Commentaire :
" Difficile à définir " : ce sont ces termes déjà qui en 1757 s'imposèrent au premier biographe de Louis Cretey1. Né à Lyon en 1635, Cretey est un artiste inclassable en effet, sans maître et sans élève, et qu'une carrière itinérante entre Lyon, Parme et Rome et un style déconcertant empêchent de rattacher à une école déterminée. Louis Cretey donne naissance à une œuvre paradoxalement bien identifiable, aux antipodes des préceptes académiques défendus en son temps par Le Brun puis Mignard.
Nous observons sur ce Baptême du Christ les yeux démesurément exorbités plantés sous un front fuyant, la touche franche et généreuse, la lumière cuivrée du ciel crépusculaire, les fins traits blancs qui ondent les flots du Jourdain… autant de marques de fabrique qui caractérisent la production de cet artiste qui ne signe jamais.
Si les œuvres de Louis Cretey sont aujourd'hui aisément identifiables, tel ne fut pas toujours le cas. Il a fallu la passion de quelques collectionneurs et l'effort avisé de nombreux historiens de l'art et conservateurs pour faire sortir de l'ombre l'artiste fascinant qu'est Cretey ; et ses œuvres qui furent longtemps confondues avec celles de ses contemporains comme Salvator Rosa ou Luca Giordano. Cette gestation connut quelques étapes significatives : l'étude parue dans La Revue de l'Art en 1988² et l'exposition organisée à Lyon en 20103 ; elle se poursuit aujourd'hui encore grâce à la redécouverte des œuvres de l'artiste comme ce Baptême du Christ que nous présentons à la vente.
Ces derniers travaux et trouvailles permettent de mieux apprécier la fortune critique de ce météore de l'art du XVIIe siècle. Les collectionneurs apprécièrent d'emblée son " intelligence dans le clair-obscur et le coloris " et condamnèrent en revanche le " peu de correction du dessin "4. Aujourd'hui c'est précisément l'aspect esquissé, si peu académique et par conséquent incompris par les contemporains de Cretey qui séduit l'amateur de tableaux. C'est ce fa presto qui donne sa force expressive aux personnages comme au paysage: prenons en pour témoin la vigueur de Jean-Baptiste immergeant le Christ qui fait écho à celle des cascades d'eau et de lumière.

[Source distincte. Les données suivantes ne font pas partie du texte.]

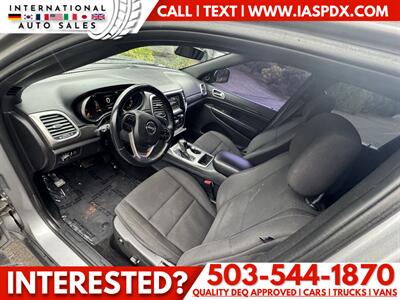 2018 Jeep Grand Cherokee Laredo   - Photo 9 - Portland, OR 97216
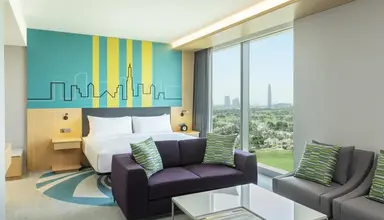 Aloft Dubai Creek 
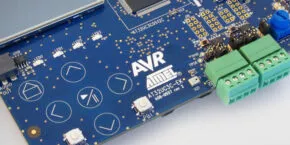 Поделки своими руками на микроконтроллерах AVR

La science de la composition qui en revanche permit à Cretey son succès est magnifiquement illustrée par ce Baptême du Christ. Le rôle de la lumière et de la couleur est particulièrement significatif. Non seulement l'ouverture lumineuse du ciel correspond littéralement aux récits des évangélistes, mais l'éclairage des protagonistes et la couleur de leur habit permet de rétablir la hiérarchie entre le Dieu prostré et son serviteur debout. L'utilisation intelligente de la lumière et du coloris, dans une logique non pas seulement décorative mais narrative ; la correspondance intime entre une nature luxuriante et cette scène de régénération spirituelle confirment le traitement virtuose par Cretey des scènes religieuses.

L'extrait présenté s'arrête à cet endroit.